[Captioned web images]
<<<<

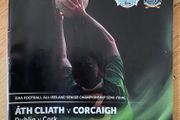 2010 Dublin v Cork - GAA All-Ireland Senior Football Championship Semi Final Programme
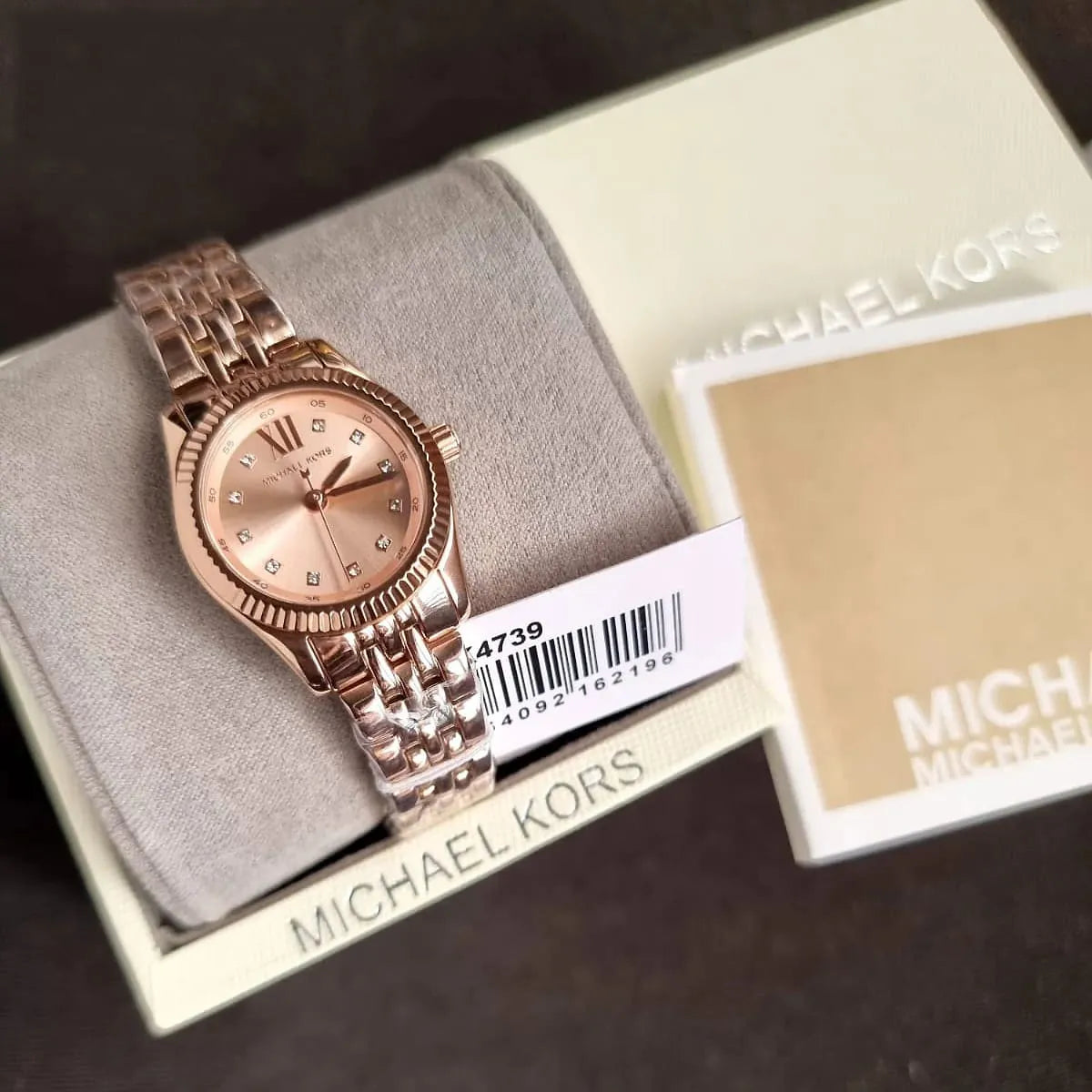ساعة مايكل كورس للنساء MK4739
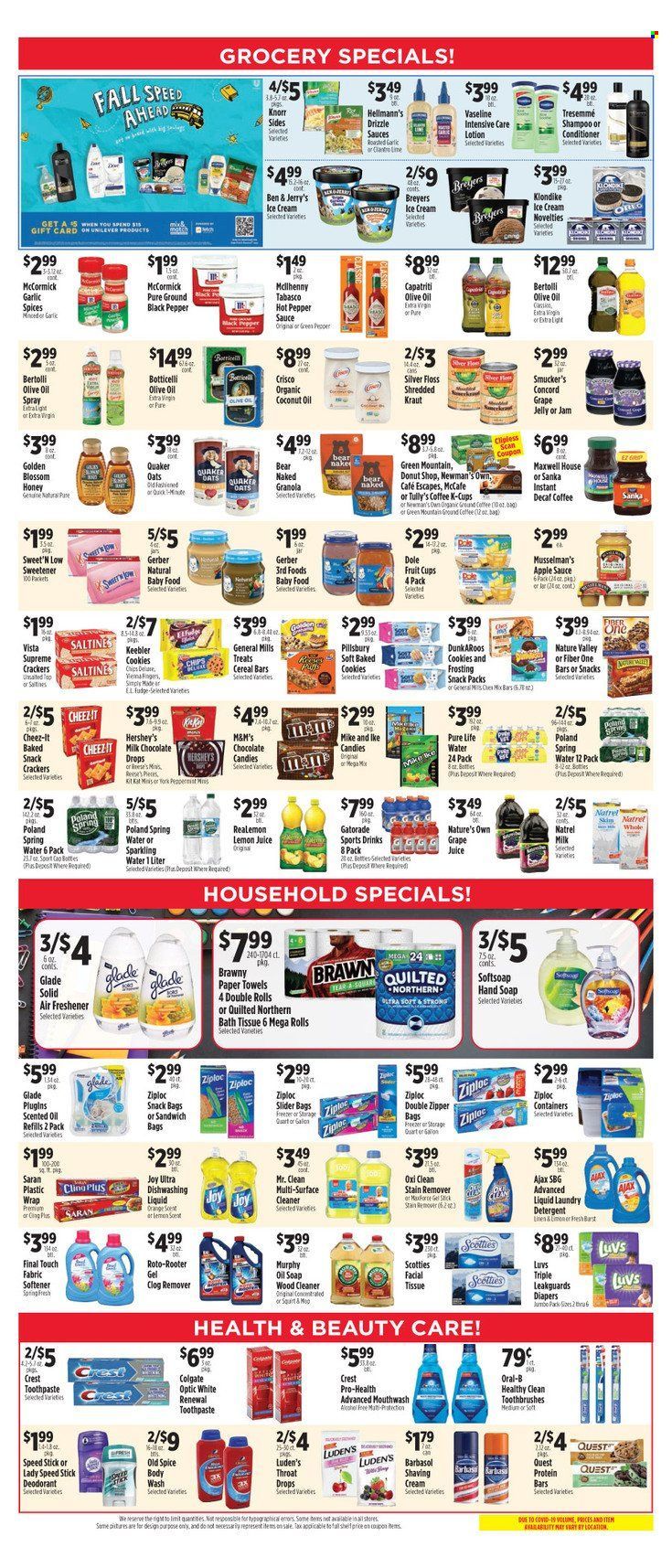 Pioneer Supermarkets (NJ, NY) Weekly Ad Flyer Specials August 21 to August 27, 2022
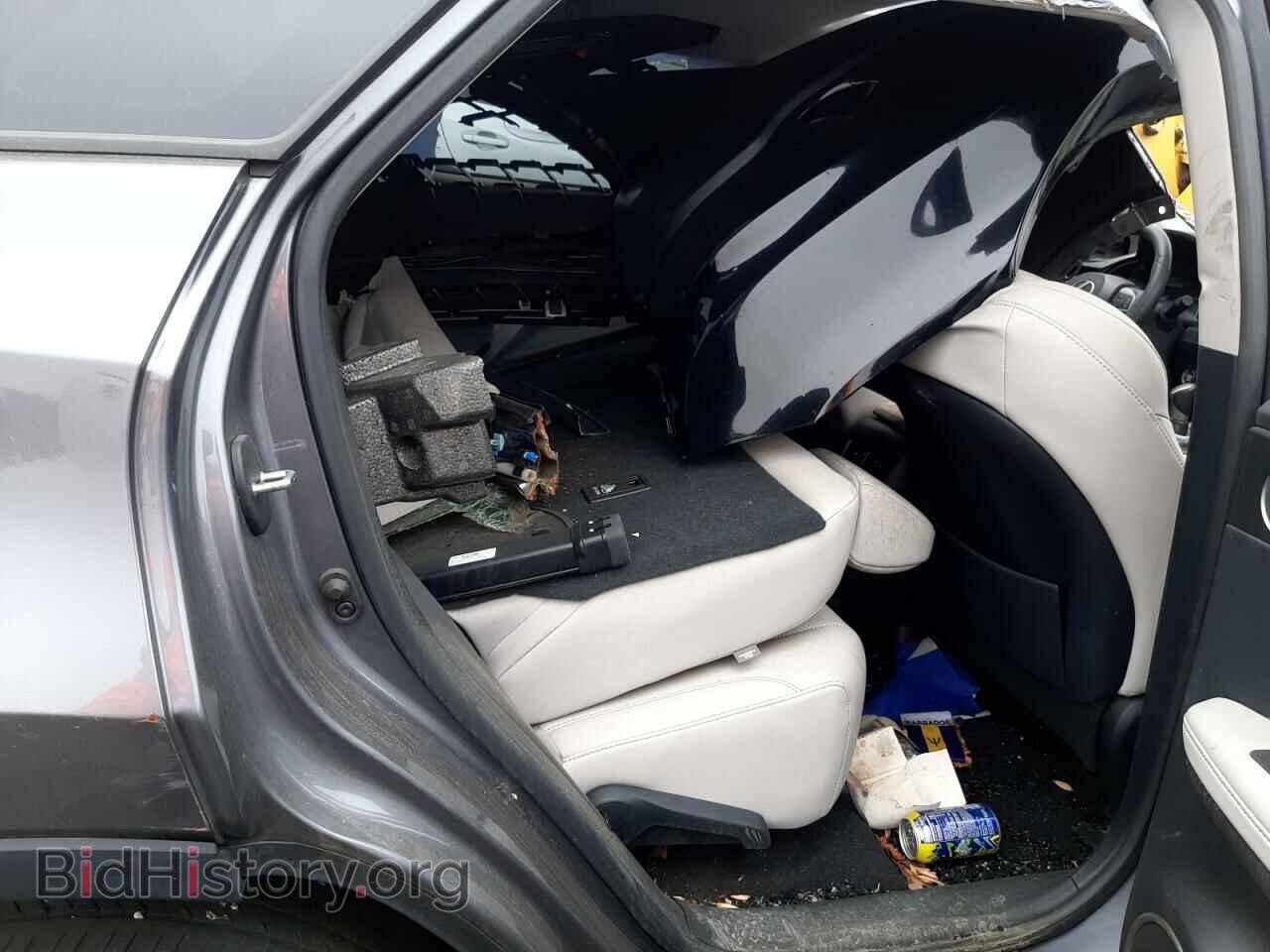 2020 LEXUS RX350 - VIN: 2T2HZMDA0LC253182 - Фото 10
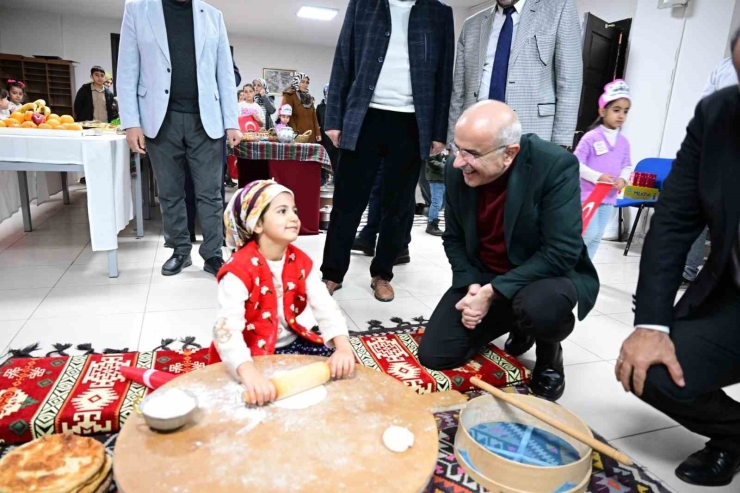 Başkan Er: ”her Alanda Yerli Ürün Kullanmamız Gerekiyor”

>>>>

WHAT THE TASK REQUIRES: Leaving out the pictures, print each line of the records above from the first up to and including the one that contains "2020 LEXUS RX350", exactly as written.

REPLY TO THE EXERCISE:
 2010 Dublin v Cork - GAA All-Ireland Senior Football Championship Semi Final Programme
ساعة مايكل كورس للنساء MK4739
 Pioneer Supermarkets (NJ, NY) Weekly Ad Flyer Specials August 21 to August 27, 2022
 2020 LEXUS RX350 - VIN: 2T2HZMDA0LC253182 - Фото 10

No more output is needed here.